In 2013, her 57-year-old parents thus got in touch with an American clinic near New York, in order to conceive a child thanks to a sperm donation. But their request was turned down by the clinic in charge of the oocytes. It claimed that their daughter had not signed any written consent before she died. Indeed, although she had filled in a form in which she agreed for her oocytes to be stocked and then used, she didn’t give any more information about how they were to be used once she died, and in particular concerning their exportation abroad and their fertilization thanks to a sperm donor.
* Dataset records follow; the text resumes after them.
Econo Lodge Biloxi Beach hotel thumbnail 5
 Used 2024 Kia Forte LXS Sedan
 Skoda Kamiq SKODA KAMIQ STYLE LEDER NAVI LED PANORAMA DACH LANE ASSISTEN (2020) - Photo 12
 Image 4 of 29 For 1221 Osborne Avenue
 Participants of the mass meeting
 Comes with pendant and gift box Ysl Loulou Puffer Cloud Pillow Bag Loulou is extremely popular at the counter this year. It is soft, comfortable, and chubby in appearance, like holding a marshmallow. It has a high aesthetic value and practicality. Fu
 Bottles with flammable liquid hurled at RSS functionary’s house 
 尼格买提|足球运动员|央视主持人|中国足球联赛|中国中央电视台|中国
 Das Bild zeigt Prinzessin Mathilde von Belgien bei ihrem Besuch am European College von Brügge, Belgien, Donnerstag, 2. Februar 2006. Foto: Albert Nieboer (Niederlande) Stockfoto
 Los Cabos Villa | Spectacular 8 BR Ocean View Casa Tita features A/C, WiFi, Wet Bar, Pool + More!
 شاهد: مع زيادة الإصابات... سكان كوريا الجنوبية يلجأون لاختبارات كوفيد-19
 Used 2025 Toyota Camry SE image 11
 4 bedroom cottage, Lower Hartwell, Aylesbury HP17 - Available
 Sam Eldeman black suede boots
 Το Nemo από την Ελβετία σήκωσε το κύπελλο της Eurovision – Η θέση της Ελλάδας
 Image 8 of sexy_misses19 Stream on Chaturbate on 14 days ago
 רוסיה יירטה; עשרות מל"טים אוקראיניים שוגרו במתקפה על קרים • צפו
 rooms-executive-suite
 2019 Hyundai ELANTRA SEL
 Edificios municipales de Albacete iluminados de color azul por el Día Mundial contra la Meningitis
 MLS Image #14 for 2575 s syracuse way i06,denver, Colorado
First, the High Court went along with this decision.
However, the complainant said that her daughter “had never expressed any other wish concerning the use of her oocytes, and that her desire had clearly been formulated”. The case was thus sent to the Human Fertilisation and Embryology Authority, who reminded the complainant of the risks, due to her age, of such a pregnancy. An obstetrician added that the chances of taking the pregnancy to its term without any danger were weak, but possible, with, however, the risk of reactivating a former breast cancer.
The High Court then adjudicated in favour of the mother, considering that the young women had no obligation to express her consent on paper.